Wody Bałtyku wykazują podwyższony poziom zanieczyszczeń substancjami ropopochodnymi. Ze wszystkich źródeł
do morza dostaje się do 66 tys. t substancji ropopochodnych w ciągu roku (dwa razy mniej niż do Morza Północnego i trzy razy mniej niż do północnego Atlantyku). Z czego wynikają takie wielkości
zanieczyszczeń? Wycieki ze statków i platform wiertniczych, wypływy oleju z miast i przybrzeżnego przemysłu, przenoszenie przez atmosferę lotnych węglowodorów ze spalania gazów odlotowych, z silników
pojazdów, katastrofy statków, powodują na dużą skalę zanieczyszczenia całej linii brzegowej, a co za tym idzie zagrożenie dla wielu gatunków ptaków morskich i ekosystemów.
Na dnie morskim coraz
częściej zauważa się zatopione gazy bojowe po I i II wojnie światowej (strefa Zatoki Duńskiej). Uwolniony gaz w kontakcie z wodą rozkłada się stanowiąc poważne zagrożenie dla ludzi i innych organizmów
żywych. Innym poważnym zagrożeniem są elektrownie jądrowe, składowiska odpadów radioaktywnych (Estonia), porty okrętów podwodnych o napędzie atomowym (Paldiski - ok. 60 km na zach. od Tallina).

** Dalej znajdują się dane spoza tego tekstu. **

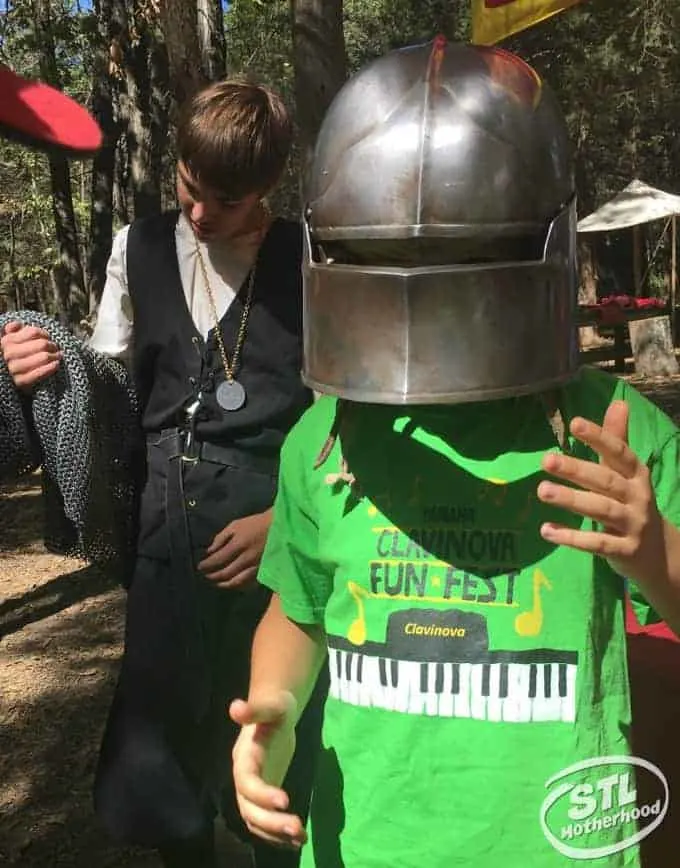 boy trying on some Renaissance Festival Armor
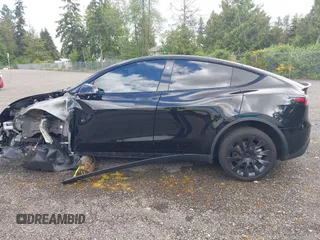 2023 Tesla Model Y Long Range z VIN 7SAYGDEE2PF885116, wystawiony jako IAAI lot #40091902 z przebiegiem 11 779 mil mil oraz . Historia ofert i sprzedaży dostępna na DreamBid. Obrazek 14.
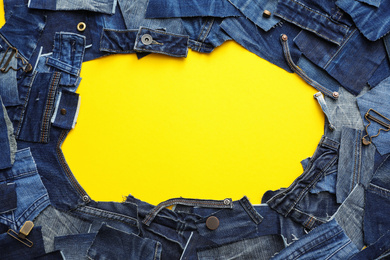 Photo of Frame made of cut jeans on yellow background. Space for text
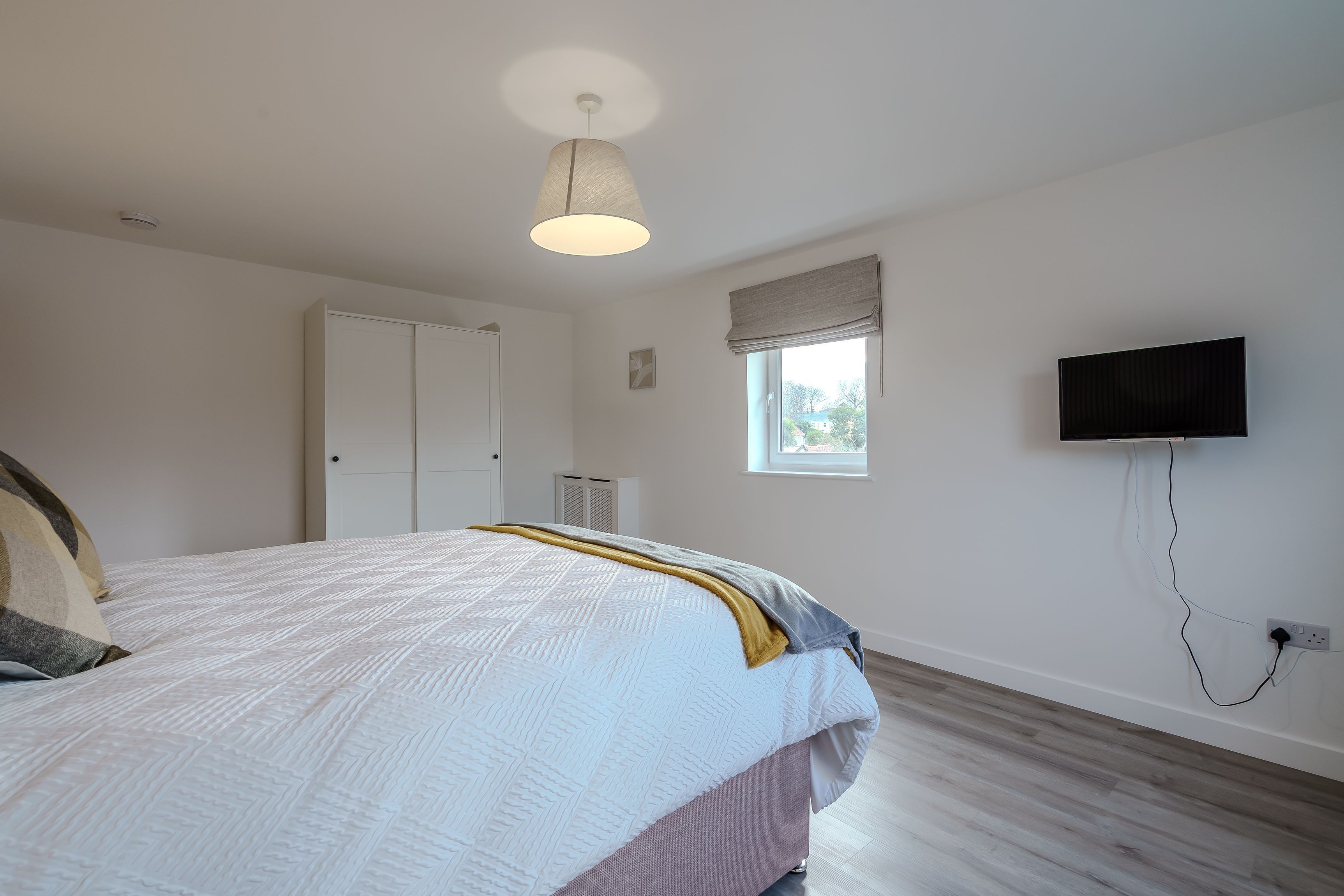 Une chambre à coucher avec un lit, un luminaire au plafond, une fenêtre, un téléviseur et une armoire.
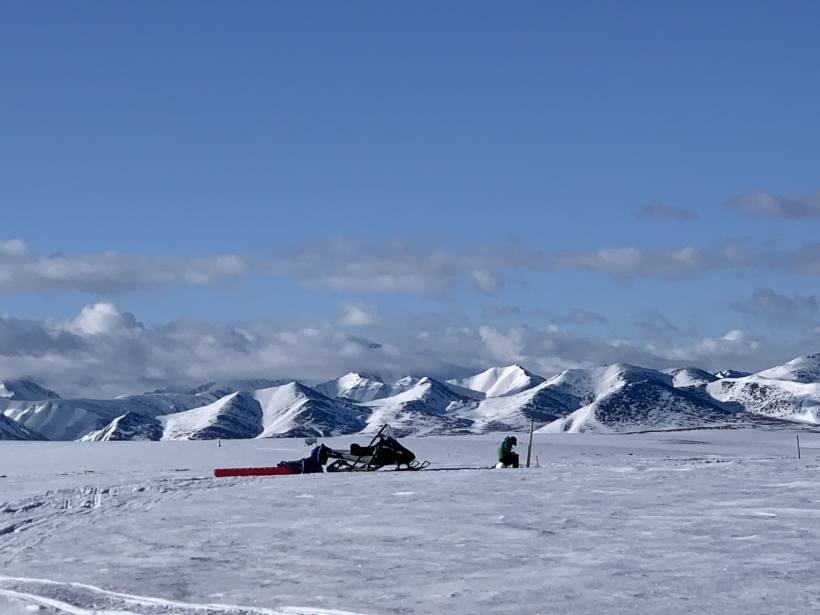A student takes notes in Arctic Alaska.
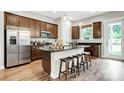 Well-equipped kitchen with a central island, stainless steel refrigerator, and stylish bar stool seating at 1043 Rabbit Hill Ln, Monroe, NC 28110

Jaka będzie przyszłość Morza Bałtyckiego? Pomimo starań państw położonych nad Bałtykiem, stan czystości morza w niewielkim stopniu uległ poprawie. Warunkiem poprawy tego stanu musi być ograniczenie
emisji zanieczyszczeń w zlewisku Bałtyku przynajmniej o 50 proc. Wiąże się to ze zmianami technologii w przemyśle, z ograniczeniem stosowania środków ochrony roślin i nawozów, wprowadzeniem recyklingu
zanieczyszczeń, budowy oczyszczalni (tak jak to miało miejsce w rejonie Zatoki Puckiej). Stopniowa rekultywacja zanieczyszczonych i zdegradowanych stref brzegowych, a także wykorzystanie odpadów i
surowców wtórnych oraz ograniczenie odpływu zanieczyszczeń toksycznych, po kilku latach będą przynosić oczekiwane efekty.